*** Opening of Available records ***

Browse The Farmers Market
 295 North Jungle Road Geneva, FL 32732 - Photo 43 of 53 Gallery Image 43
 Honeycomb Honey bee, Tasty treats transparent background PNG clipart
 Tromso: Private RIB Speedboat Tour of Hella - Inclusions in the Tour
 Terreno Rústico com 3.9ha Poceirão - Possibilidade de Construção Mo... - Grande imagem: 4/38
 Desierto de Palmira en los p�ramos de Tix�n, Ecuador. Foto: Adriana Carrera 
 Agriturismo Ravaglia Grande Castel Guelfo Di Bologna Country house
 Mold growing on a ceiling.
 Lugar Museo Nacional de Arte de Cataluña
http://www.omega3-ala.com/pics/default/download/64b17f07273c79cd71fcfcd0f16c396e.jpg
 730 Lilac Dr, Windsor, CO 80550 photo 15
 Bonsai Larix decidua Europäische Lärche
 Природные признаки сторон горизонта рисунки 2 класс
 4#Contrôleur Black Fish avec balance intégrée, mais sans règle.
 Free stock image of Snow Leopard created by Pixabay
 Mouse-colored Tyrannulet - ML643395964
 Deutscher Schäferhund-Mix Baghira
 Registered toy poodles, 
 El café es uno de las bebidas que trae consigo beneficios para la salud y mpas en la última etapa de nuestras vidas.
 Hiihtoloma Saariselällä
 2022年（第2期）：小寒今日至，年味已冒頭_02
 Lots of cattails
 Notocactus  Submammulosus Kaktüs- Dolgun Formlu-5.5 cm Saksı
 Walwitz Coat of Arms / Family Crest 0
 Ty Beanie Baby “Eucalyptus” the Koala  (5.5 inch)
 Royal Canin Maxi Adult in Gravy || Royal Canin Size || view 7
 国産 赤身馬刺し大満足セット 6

*** Close of Available records ***

Prompt
Give back, unchanged, the run of lines in the listing above that begins at the line containing "295 North Jungle" and ends at the line containing "Desierto de Palmira", both included.

Output
 295 North Jungle Road Geneva, FL 32732 - Photo 43 of 53 Gallery Image 43
 Honeycomb Honey bee, Tasty treats transparent background PNG clipart
 Tromso: Private RIB Speedboat Tour of Hella - Inclusions in the Tour
 Terreno Rústico com 3.9ha Poceirão - Possibilidade de Construção Mo... - Grande imagem: 4/38
 Desierto de Palmira en los p�ramos de Tix�n, Ecuador. Foto: Adriana Carrera 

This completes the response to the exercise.